Ni el tribunal de la Sección Primera ni el de la Sexta llegaron a celebrar el juicio como tal contra Grimal Marco. En la primera vista, la fiscal Ana Josefa López Gastón informó a la Sala de la existencia de un reciente fallo del Alto Tribunal (data del pasado 22 de junio) que establece que cuando se trata de delitos leves no se puede aplicar la agravante de reincidencia porque se impondrían a los encausados "penas desproporcionadas". En virtud de esta sentencia, no cabe que las causas pasen de los juzgados de lo Penal (que conocen de los delitos leves) a las audiencias provinciales.

El ministerio público y la defensa, ejercida por la abogada María Ángeles Pozo, que también planteó la doctrina del Supremo, llegaron a un acuerdo y Antonio Miguel salió de esta sala con una multa de 270 euros y con la obligación de abonar al hotel en el que cenó con dos amigos los 143,30 euros en concepto de responsabilidad civil. El juicio al que tuvo que enfrentarse tan solo media hora después del primero tuvo idéntico final: hubo un acuerdo entre las partes y el acusado aceptó una multa de 270 euros y el abono de los 52,60 euros que dejó sin pagar en concepto de responsabilidad civil.

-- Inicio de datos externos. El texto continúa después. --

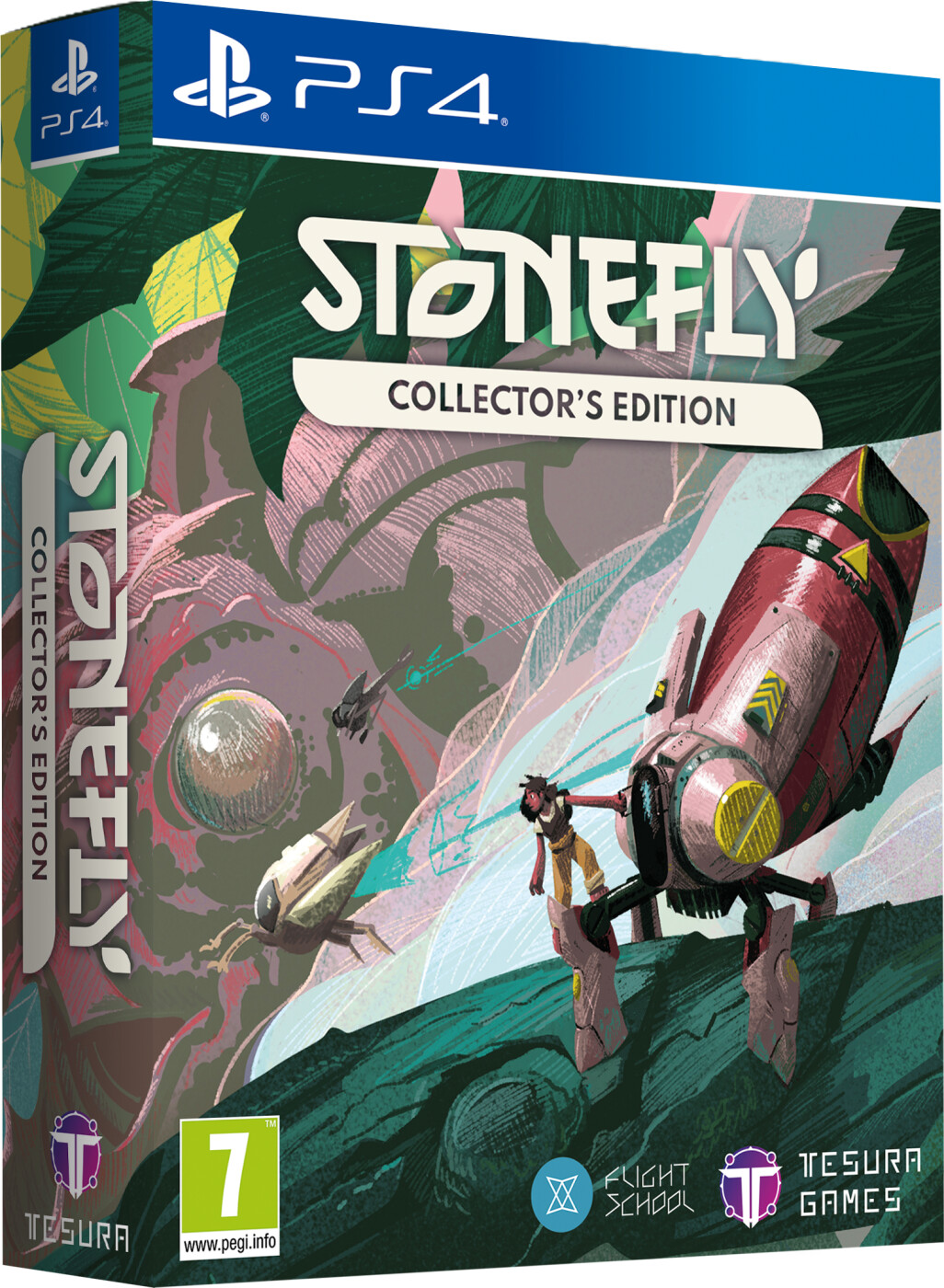 Stonefly (Collector's Edition) - Sony PlayStation 4 - Eventyr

Antonio Miguel Grimal llegó a la Audiencia de Zaragoza desde la cárcel de Zuera. Cumplía prisión preventiva por mandato del presidente de la Sección Sexta, que tomó la decisión de encarcelarle por no responder a sus citaciones y por temor a que siguiera cometiendo ilícitos, dado que hace tiempo que había quedado demostrada su afición a consumir comida y bebida en diferentes establecimientos de la ciudad y marcharse después sin abonar la cuenta. Después de lo acontecido este martes, el zaragozano quedará en libertad. En su mano (y por supuesto en su bolsillo) está no volver a sentarse en el banquillo de los acusados por sexta vez.